The Science Behind Multi-Factor Strategies

The last decade has been a painful one for investors who believe in a factor-based approach to investing and have stuck with those factors that have historically performed well, namely the value factor, which has severely underperformed growth over those 10 years. But a breed of products have avoided the plight. Funds and ETFs that were designed to be nimble and allocate across a range of factors have not suffered the same performance deficit.

John Lunt is the president and founder of Lunt Capital Management. John has created a series of dynamic and tactical investment strategies used by financial advisors around the country. Lunt Capital has built custom indices, calculated by S&P Dow Jones and by NASDAQ Global Indices that are used as the engines in ETFs, separate accounts and model portfolios.

I spoke with John on February 20.

To listen to this interview as a podcast, click here.

Tell me about the history of Lunt Capital and your vision in creating the firm.

Prior to launching Lunt Capital, I managed funds for our own family office. I'd served as a trustee for the state of Utah's multi-billion dollar pension fund and it was easy to see the advantages of institutional investors. They had better access to asset class diversification and access to a variety of investment strategies.

Lunt Capital has strived to bring those institutional investment advantages to all different types of investors and that naturally pointed us to ETFs and to managed-ETF portfolios. We were very, very early adopters of ETFs, and the evolution of the ETF marketplace has closed that gap and allowed us to deliver portfolios with institutional advantages to all different types of investors

I noticed on your website that your management team recently did an extensive amount of traveling. They circled the globe twice in about a 100 days. You called it the investment trek. What was the idea behind that and what were the key insights that you came away with?

We believe in a global investment perspective and we wanted to understand those risks and opportunities firsthand. So we did exactly that. We circled the globe twice, held meetings with fund managers, economists, government officials, central banks and a wide array of market participants.

But one thing was clear to us through that experience.
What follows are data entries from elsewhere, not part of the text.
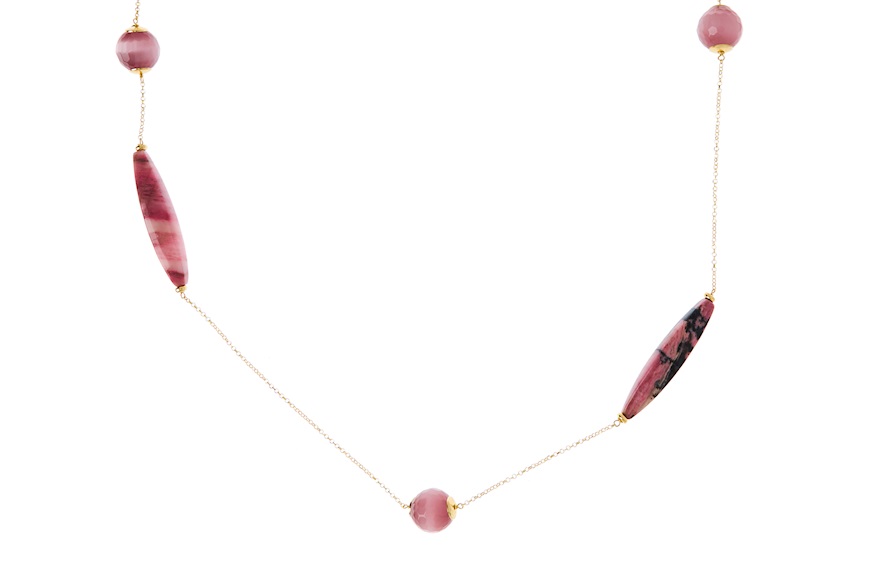 Collana argento dorato con occhio di gatto rosa Selezione Zanolli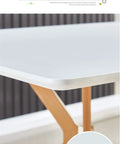 Slick Modern White Dining Table With Scratch Resistant Top and Heavy Duty Metal Bottom Shelf close-up of arc corner and thickened smooth surface.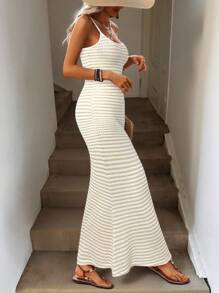 Easowa Women's Black White Striped Bodycon Camisole Dress, Casual For Summer Vacation Music Festival,Bohemian Clothes - Apricot - View 5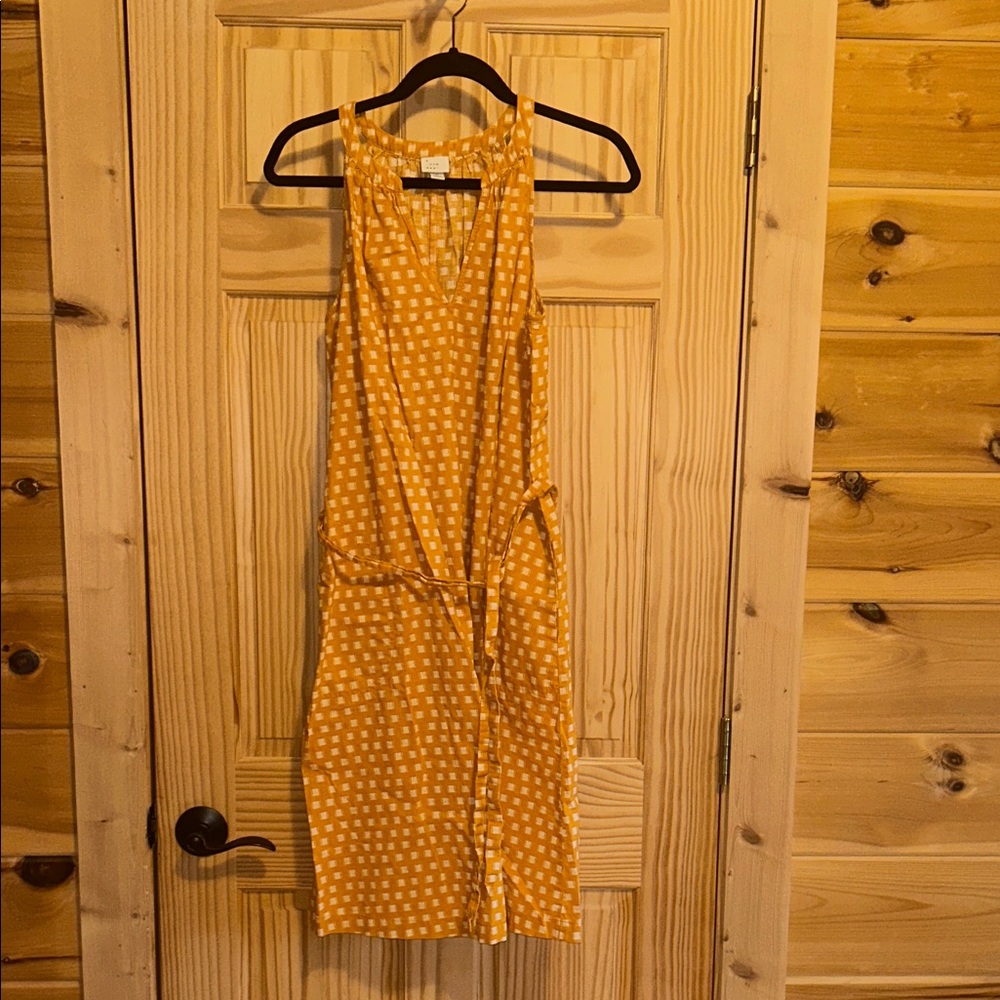 Orange Polka Dot Sleeveless Dress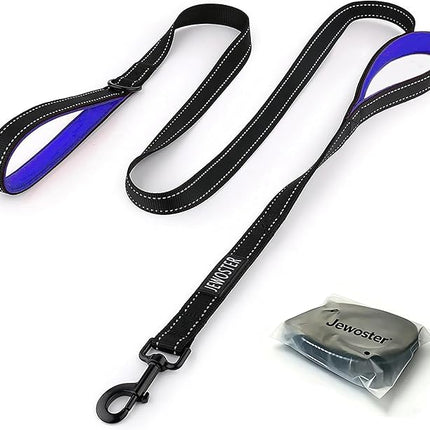 Dog Leash Heavy Duty - 2 Handles by Padded Traffic Handle for Extra Control, 6foot Long - Perfect for Medium to Large Dogs (6 ft, Black Blue)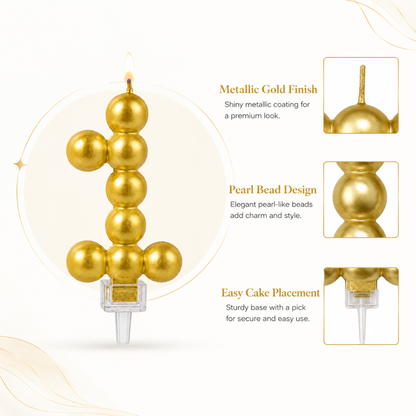Golden Vector Dots Numerical Candle No. 1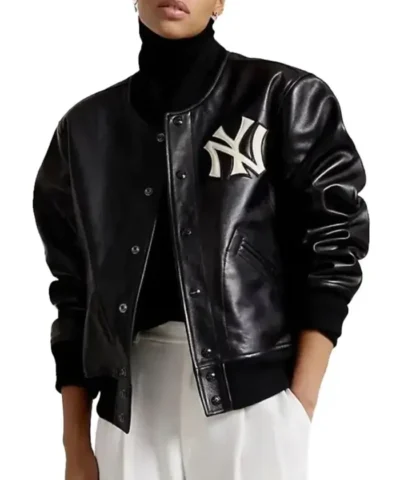 Yankees Black Leather Jacket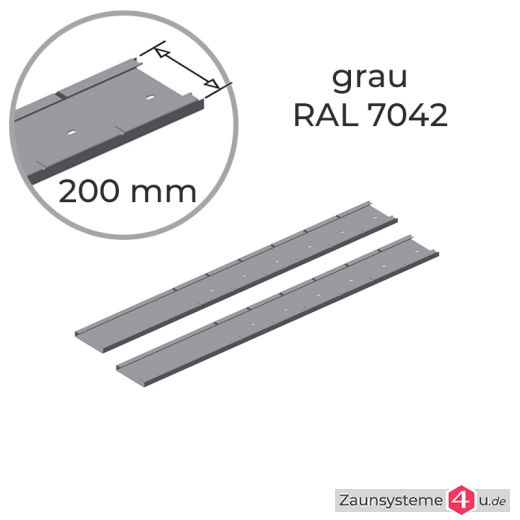 Pfostenset für Gabionen 200 mm Breite verzinkt + grau RAL 7042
As U.S. investors, we think of our portfolio in terms of a U.S. bucket and everything else. That international bucket is going to capture everything else in the portfolio. What we knew and reconfirmed is that “everything else” is very, very diverse. Germany is different from India, which is different from China, which is different from Australia and on and on. It provides interesting opportunities within that international bucket when you notice those differences.